Ogni collaboratore avrà facoltà di scegliere una delle seguenti opzioni:
1. destinare il TFR maturando in azienda o al Fondo di Tesoreria istituito presso l’INPS (se l’azienda ha più di 50 dipendenti): in tal caso il datore accantonerà nelle proprie casse la quota del mese o la verserà nell’apposito fondo dell’Inps.
Il TFR così accumulato – periodicamente rivalutato – sarà EROGATO AL LAVORATORE AL TERMINE DEL RAPPORTO DI LAVORO;
2. destinare il TFR maturando ad una forma di Previdenza Complementare che potrà essere:
– quello scelto autonomamente dal dipendente;
– in mancanza, quello previsto dal CCNL applicato in azienda.

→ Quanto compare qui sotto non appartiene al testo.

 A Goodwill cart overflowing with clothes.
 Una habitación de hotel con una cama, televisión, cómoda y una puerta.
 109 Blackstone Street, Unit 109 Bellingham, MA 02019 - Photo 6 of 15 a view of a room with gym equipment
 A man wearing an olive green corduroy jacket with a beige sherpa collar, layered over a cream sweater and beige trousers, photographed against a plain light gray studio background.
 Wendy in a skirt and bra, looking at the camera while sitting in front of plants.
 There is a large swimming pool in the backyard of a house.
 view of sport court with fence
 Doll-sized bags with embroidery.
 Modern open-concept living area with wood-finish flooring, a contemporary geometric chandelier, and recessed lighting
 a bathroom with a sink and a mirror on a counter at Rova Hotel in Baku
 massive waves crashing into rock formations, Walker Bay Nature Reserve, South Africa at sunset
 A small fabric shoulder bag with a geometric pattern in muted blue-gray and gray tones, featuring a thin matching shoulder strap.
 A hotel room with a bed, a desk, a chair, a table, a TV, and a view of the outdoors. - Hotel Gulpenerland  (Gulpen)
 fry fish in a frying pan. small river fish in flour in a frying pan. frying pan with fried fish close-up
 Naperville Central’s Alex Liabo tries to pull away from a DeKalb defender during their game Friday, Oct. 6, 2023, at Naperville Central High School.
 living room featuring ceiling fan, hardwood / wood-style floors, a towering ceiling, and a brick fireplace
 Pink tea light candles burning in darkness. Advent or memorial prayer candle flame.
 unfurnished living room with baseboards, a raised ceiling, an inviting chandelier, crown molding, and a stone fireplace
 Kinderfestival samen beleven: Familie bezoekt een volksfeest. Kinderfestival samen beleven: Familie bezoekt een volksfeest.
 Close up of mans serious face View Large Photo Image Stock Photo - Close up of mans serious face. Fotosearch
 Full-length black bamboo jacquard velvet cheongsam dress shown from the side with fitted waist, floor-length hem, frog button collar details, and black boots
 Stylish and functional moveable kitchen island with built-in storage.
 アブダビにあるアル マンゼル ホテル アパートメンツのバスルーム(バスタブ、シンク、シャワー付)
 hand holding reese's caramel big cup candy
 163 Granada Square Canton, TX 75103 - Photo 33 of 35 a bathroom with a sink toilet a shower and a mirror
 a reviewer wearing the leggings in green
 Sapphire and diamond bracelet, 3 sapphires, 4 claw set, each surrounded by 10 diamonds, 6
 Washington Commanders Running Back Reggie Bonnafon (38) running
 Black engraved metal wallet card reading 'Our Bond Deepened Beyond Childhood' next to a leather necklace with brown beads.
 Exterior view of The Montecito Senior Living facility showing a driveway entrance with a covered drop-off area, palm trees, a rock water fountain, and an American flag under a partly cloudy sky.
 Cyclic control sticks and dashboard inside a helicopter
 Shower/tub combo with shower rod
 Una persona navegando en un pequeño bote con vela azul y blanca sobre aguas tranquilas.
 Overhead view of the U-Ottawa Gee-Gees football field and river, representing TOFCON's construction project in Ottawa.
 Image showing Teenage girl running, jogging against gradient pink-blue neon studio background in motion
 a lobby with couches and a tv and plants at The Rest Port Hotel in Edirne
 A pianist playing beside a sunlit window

Il lavoratore potrà optare anche per il versamento di una quota aggiuntiva (con addebito in busta paga) e questa scelta vincolerà anche le aziende ad accantonare un contributo aggiuntivo il cui costo sarà integralmente a loro carico.
Nell’ipotesi 2. l’azienda – in sintesi – verserà mensilmente l’importo del TFR al fondo scelto dal lavoratore (o quello previsto dal CCNL) ed il trattamento così accantonato – periodicamente rivalutato – sarà liquidato DIRETTAMENTE DAL FONDO MA SOLO AL MOMENTO DEL RAGGIUNGIMENTO DELLA PENSIONE.
È necessario ricordare che, in caso di adesione ad un qualsiasi fondo di previdenza complementare, tale scelta dovrà essere mantenuta sino al raggiungimento dei requisiti pensionistici (anche per gli eventuali futuri rapporti di lavoro) NON ESSENDO PREVISTA LA POSSIBILITÀ PER I LAVORATORI DI REVOCARE IN NESSUN MOMENTO DELLA VITA PROFESSIONALE L’OPZIONE DI VERSAMENTO AL FONDO.
MECCANISMO DEL SILENZIO-ASSENSO: ADESIONE AUTOMATICA
QUESTA FORSE LA NOVITÀ PIÙ IMPORTANTE ED ANCHE QUELLA A CUI PORRE MAGGIORE ATTENZIONE
Qualora il lavoratore, entro il termine di 60 giorni, non esprimesse alcuna delle due scelte di cui sopra, il TFR sarà devoluto automaticamente al fondo di previdenza complementare previsto dal Contratto Collettivo applicato in azienda e sarà liquidato al raggiungimento del requisito pensionistico.
Nell’ipotesi di adesione automatica per silenzio-assenso, sarebbe previsto il versamento:
- della quota integrale del TFR maturando;
- di un’ulteriore quota a carico del dipendente nella misura prevista dal regolamento del fondo attraverso una trattenuta che sarà operata direttamente in busta paga;
- di un contributo aggiuntivo a carico del datore di lavoro ed il cui ammontare rappresenterà un COSTO AGGIUNTIVO PER LE IMPRESE (!!)
Va da sé che l’eventuale inerzia del lavoratore nella scelta di come destinare il proprio TFR possa trasformarsi in un aggravio di costi per le aziende e per questo motivo appare quantomai importante che i datori si attivino per dare un’informazione chiara e facilmente comprensibile ma soprattutto li supportino per aiutarli a fare una scelta consapevole.